Step 5: QC of quantification metrics
Use MultiQC to verify:
BASH
cd $SCRATCH/rnaseq-workshop
module load biocontainers
module load multiqc
multiqc results/salmon_quant -o results/qc_salmon
Inspect:
- mapping rates
- fragment length distributions
- library type consistency
Exercise: examine your Salmon outputs
Using your MultiQC summary and Salmon fragment length plots:
- What is the percent aligned for each sample, and are any samples outliers?
- Is the inferred library type consistent across samples?
- How similar are the fragment length distributions across samples?
- Does the fragment length curve show unusual peaks or multimodality?

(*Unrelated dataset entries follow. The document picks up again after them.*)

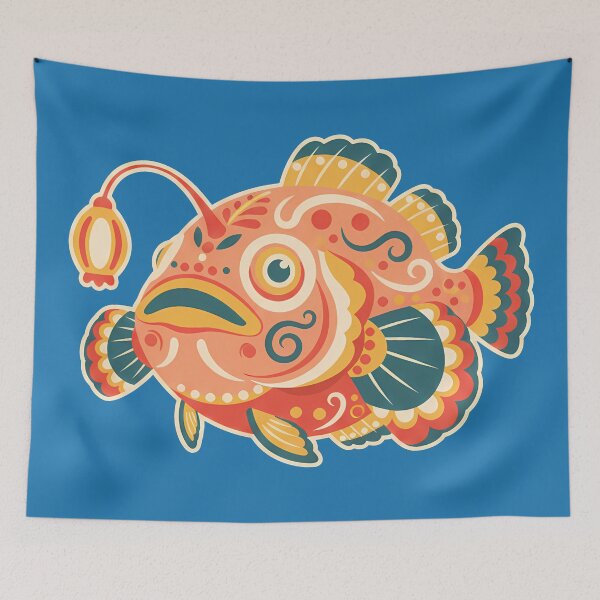 Item preview, Folk Art Anglerfish – Scandinavian Folk Art by heidiannemorris © designed and sold by FOLK ART FUSION by heidiannemorris.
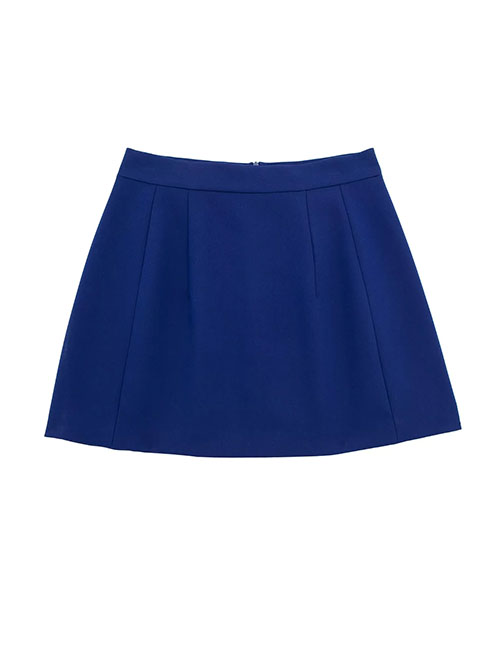Fashion Blue Polyester Pleated Skirt
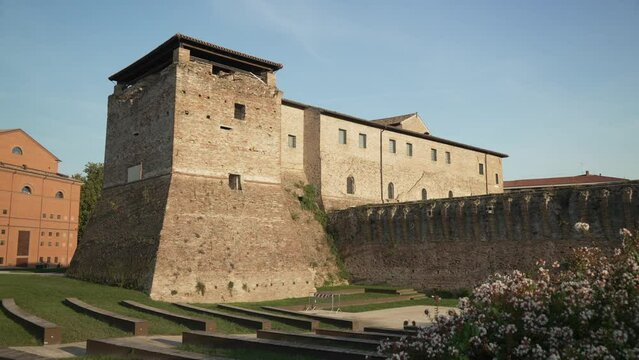 View of Castel Sismondo viewed from Arena Francesca da Rimini, Rimini, Emilia Romagna, Italy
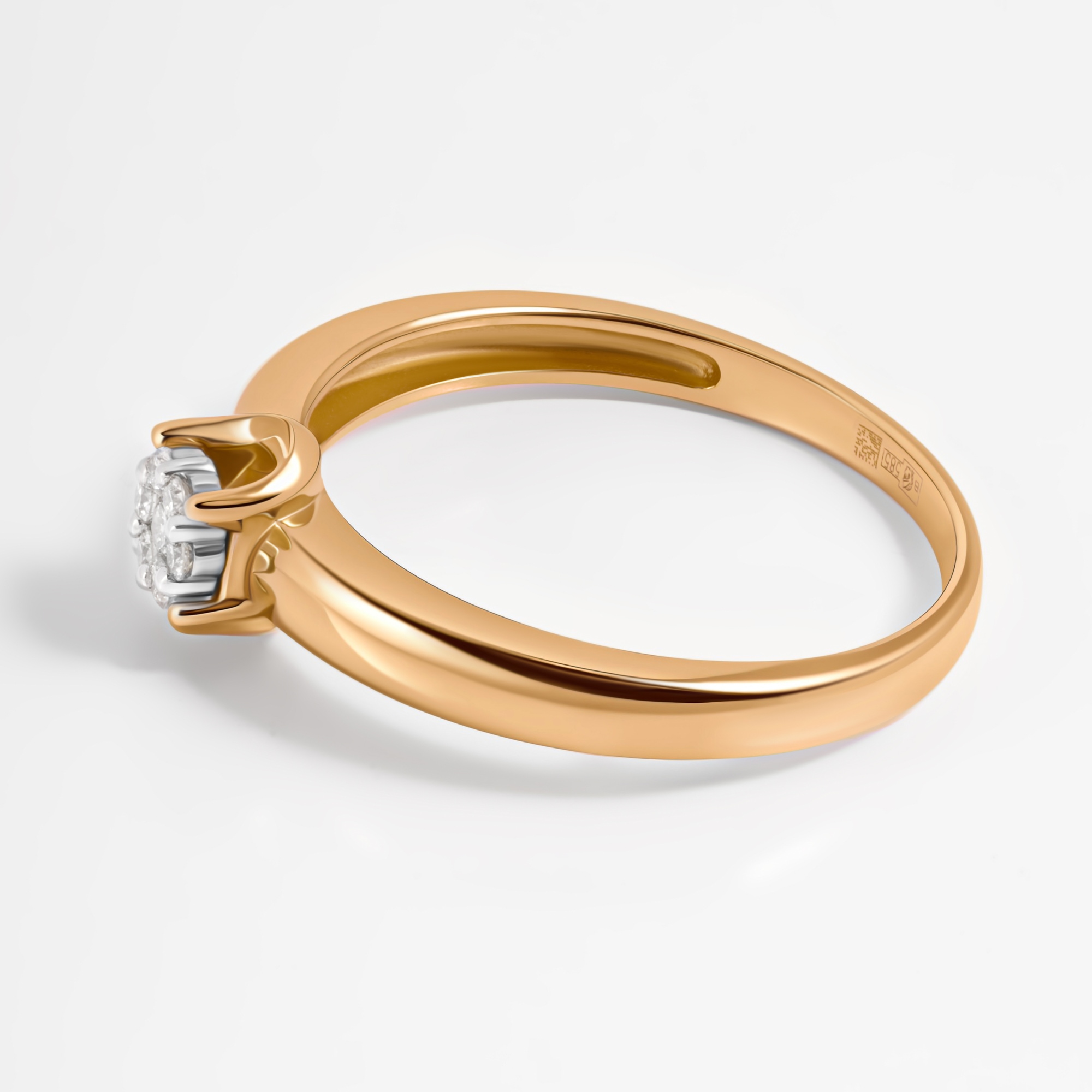 Золотое кольцо Клондайк из красного золота 585 пробы со вставками из драгоценных камней (бриллиант) ЛХ1-1087, размеры от 15.5 до 17.5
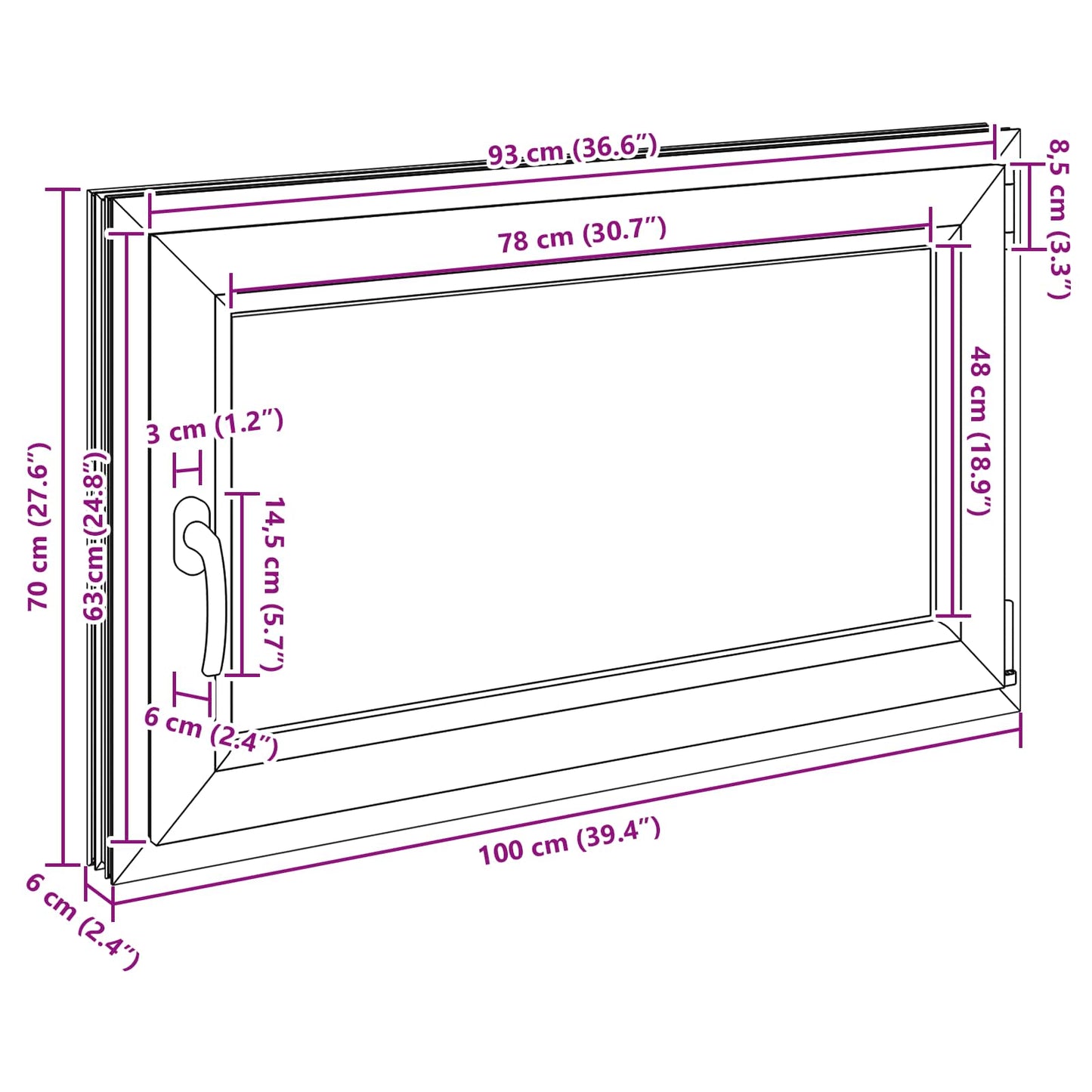 Okeno Do Suterénu Risor 100 X 70 Cm Pvc A Sklo Antracitová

- Do CFR and M bias values suggest any strand or positional bias?
Example interpretation for this dataset:
- All samples show about 89 to 91 percent aligned. No sample is an outlier and the range is narrow.
- The inferred library type is consistent across samples and matches an unstranded protocol.
- Fragment length distributions are nearly identical. All samples peak around the same length and have similar spread.
- The fragment length curves are smooth and unimodal. There are no secondary peaks or irregular shoulders.
- CFR is 100 percent for all samples and M bias is about 0.5, indicating balanced, strand-neutral coverage without detectable end bias.
Summary
- Salmon performs fast, alignment-free transcript quantification.
- A transcriptome FASTA is required for building the index.
-
salmon quantuses FASTQ files directly with bias correction. - Transcript-level outputs include TPM and estimated counts.
-
tximportconverts transcript estimates to gene-level counts. - Gene-level counts from Salmon are suitable for DESeq2.